Just like Harvey Milk, for whom the state of California mandates an annual school day of honor on May 22. The Human Rights Campaign (HRC) has an “LGBT”-themed store in San Francisco’s Castro district housed in Milk’s former camera store.
Milk had open relationships with boys in their mid-teens. This “gay history” did not stop California legislators from elevating his sodomy and lechery to an honorable status that must be recognized by every third grader in the state each year.
HRC was co-founded by Terence Bean, whose three-way tryst that included a 15-year-old boy was investigated then dismissed. Many believe the boy and his family were compensated for dropping charges.
If he has enough money, is a predator no longer a predator?
We can all remember one recent scandal where America threw the book at a man preying on boys—the Jerry Sandusky case. But it’s possible Sandusky’s assaults received maximum media attention because it involved the macho and historically heterosexual profession of college football.
Effeminate men and male-hostile lesbians love to pick on football and its heroes, as well as the Catholic church. That scandal was positioned as “heterosexual” when in reality, most of the incidents involved priests and teen boys.
The outright endorsement of teen boys having sex with adult males has been going on for years.
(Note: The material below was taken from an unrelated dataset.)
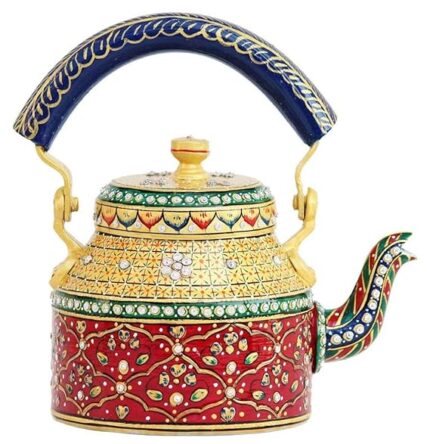 Handpainted Rajasthani Traditional Aluminium Colourfull Decorative Tea Kettle(8.5  8.25  5.5 Inches)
Many middle and high school libraries offer the sordid novel Rainbow Boys and its sequels. In this book, a 17-year-old boy has anal sex with an adult man he “meets” on the Internet. The book was recommended by GLSEN.
But it’s far from the only example in the sleazy history of GLSEN. This organization has been snickering for decades as they slip pro-molestation material into recommended material for youth. The group published “Book Link” for years with featured books for teens and teachers, including some with adult-teen “dating” and sexual encounters. Here’s one:
"...I joined this youth group called Positive Images; it's the Sonoma County gay/lesbian/bisexual youth group. I got a boyfriend instantly; he picked me up right away, right when I joined the group. He was older; he was twenty-five, I was sixteen...." ( A 17-year old boy’s recollection from book, In Your Face: Stories from the Lives of Queer Youth, p. 58.)
And this one: "'My first experience was with a much older man, a friend of Derek's [this boy’s dad]...When I was fifteen, he must have been twenty-nine, thirty...I seduced him...It was a wild night. We did everything.'" (Young man, Eliot, relating a teen experience in the book, Growing Up Gay/Growing Up Lesbian, p.111.)
How many kids in America have been tragically misled by this garbage? It’s time the mental and sexual molestation advocated by GLSEN, HRC and others became a national scandal, and if we are publicly shaming predators, they should be first on our list.
If these groups closed their doors, our nation’s children would be so much better off.